The Stanford Law Review article suggests that the ability to reidentify people from pieces of data has a negative impact on privacy policy and undermines faith in anonymization. Further, the article suggests that deidentification is a key component of business models especially in healthcare, online behavioral advertising, and cloud computing. One implication is that if enterprises are entrenched in deidentification as a privacy solution, this could leave them hard pressed to find and fund an alternate solution. So, abuses that result from reidentification could go on for a long time.

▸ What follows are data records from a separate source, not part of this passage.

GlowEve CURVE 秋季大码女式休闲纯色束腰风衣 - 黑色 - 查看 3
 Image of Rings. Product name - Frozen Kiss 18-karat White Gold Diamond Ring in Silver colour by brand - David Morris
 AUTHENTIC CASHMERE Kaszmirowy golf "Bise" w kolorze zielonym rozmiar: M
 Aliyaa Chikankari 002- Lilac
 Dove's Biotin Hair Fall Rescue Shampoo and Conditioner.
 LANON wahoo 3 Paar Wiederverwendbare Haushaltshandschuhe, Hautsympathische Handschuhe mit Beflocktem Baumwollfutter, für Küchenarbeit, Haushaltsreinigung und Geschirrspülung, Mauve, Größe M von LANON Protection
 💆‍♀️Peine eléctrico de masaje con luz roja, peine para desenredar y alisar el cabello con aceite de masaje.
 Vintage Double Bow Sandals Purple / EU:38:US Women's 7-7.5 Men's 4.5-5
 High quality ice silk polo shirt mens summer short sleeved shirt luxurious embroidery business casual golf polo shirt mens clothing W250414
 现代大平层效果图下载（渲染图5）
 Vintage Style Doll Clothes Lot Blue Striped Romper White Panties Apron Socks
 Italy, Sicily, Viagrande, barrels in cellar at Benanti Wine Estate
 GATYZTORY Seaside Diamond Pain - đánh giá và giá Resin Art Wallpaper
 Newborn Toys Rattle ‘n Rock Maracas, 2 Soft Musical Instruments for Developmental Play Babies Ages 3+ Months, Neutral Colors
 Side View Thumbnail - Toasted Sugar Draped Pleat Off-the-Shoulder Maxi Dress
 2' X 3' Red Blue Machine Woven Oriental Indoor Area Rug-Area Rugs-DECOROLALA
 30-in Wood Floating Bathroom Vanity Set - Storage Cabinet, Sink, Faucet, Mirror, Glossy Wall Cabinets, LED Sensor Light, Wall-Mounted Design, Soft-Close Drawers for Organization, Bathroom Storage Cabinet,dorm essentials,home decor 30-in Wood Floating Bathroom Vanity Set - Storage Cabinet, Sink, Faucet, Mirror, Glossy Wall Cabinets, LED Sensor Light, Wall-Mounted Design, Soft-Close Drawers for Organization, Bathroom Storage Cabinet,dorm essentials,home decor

But, this assumes that governments and businesses had faith in anonymization in the first place, according to Carter, who has had roles with Roles with Accenture, Goldman Sachs and Estee Lauder. There is also an assumption here that businesses and governments have spent a lot of money on something that doesn't deliver business value, Carter notes. In fact, what governments and businesses have done is to give themselves safe harbor by using deidentification/anonymization. And, even when companies don't use deidentification, the legal repercussions are a slap on the wrist, Carter confirms.

The truth is there may never be an adequate solution for Big Data privacy concerns, affordable or otherwise. There may only be solutions that protect enterprises and other entities from liability while pacifying people whose data is at risk. Unfortunately, for the individual, this means that abuses will indeed go on, regardless of the solution at hand.